:: What the task asks ::
The line that contains "Breakfast con il" and all lines following it to the end of the data below: set these down exactly, and nothing besides.
[Input — start]
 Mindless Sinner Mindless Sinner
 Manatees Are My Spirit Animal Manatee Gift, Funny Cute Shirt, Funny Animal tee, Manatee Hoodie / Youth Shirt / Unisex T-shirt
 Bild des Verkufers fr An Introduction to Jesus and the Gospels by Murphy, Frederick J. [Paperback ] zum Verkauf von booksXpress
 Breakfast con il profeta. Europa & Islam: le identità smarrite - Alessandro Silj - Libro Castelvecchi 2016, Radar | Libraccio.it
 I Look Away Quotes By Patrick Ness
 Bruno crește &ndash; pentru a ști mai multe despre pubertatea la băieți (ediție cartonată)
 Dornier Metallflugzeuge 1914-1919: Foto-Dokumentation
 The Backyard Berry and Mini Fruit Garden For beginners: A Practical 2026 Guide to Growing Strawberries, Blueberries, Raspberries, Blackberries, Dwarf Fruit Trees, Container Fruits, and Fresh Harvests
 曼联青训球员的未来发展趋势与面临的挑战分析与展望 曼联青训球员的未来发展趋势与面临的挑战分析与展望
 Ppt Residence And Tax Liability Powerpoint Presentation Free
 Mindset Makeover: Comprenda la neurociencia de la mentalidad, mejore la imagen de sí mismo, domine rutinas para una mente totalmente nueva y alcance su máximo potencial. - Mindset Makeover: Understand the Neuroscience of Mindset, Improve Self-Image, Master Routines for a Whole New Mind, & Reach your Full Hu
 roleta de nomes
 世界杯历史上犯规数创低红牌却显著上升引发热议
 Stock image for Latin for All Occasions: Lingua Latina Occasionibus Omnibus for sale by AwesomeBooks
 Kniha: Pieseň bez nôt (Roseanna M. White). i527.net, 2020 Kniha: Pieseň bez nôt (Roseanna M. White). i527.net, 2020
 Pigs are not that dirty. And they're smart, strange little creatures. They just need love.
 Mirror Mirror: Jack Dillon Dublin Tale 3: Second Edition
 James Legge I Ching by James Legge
[Input — finish]
:: Answer for the task ::
 Breakfast con il profeta. Europa & Islam: le identità smarrite - Alessandro Silj - Libro Castelvecchi 2016, Radar | Libraccio.it
 I Look Away Quotes By Patrick Ness
 Bruno crește &ndash; pentru a ști mai multe despre pubertatea la băieți (ediție cartonată)
 Dornier Metallflugzeuge 1914-1919: Foto-Dokumentation
 The Backyard Berry and Mini Fruit Garden For beginners: A Practical 2026 Guide to Growing Strawberries, Blueberries, Raspberries, Blackberries, Dwarf Fruit Trees, Container Fruits, and Fresh Harvests
 曼联青训球员的未来发展趋势与面临的挑战分析与展望 曼联青训球员的未来发展趋势与面临的挑战分析与展望
 Ppt Residence And Tax Liability Powerpoint Presentation Free
 Mindset Makeover: Comprenda la neurociencia de la mentalidad, mejore la imagen de sí mismo, domine rutinas para una mente totalmente nueva y alcance su máximo potencial. - Mindset Makeover: Understand the Neuroscience of Mindset, Improve Self-Image, Master Routines for a Whole New Mind, & Reach your Full Hu
 roleta de nomes
 世界杯历史上犯规数创低红牌却显著上升引发热议
 Stock image for Latin for All Occasions: Lingua Latina Occasionibus Omnibus for sale by AwesomeBooks
 Kniha: Pieseň bez nôt (Roseanna M. White). i527.net, 2020 Kniha: Pieseň bez nôt (Roseanna M. White). i527.net, 2020
 Pigs are not that dirty. And they're smart, strange little creatures. They just need love.
 Mirror Mirror: Jack Dillon Dublin Tale 3: Second Edition
 James Legge I Ching by James Legge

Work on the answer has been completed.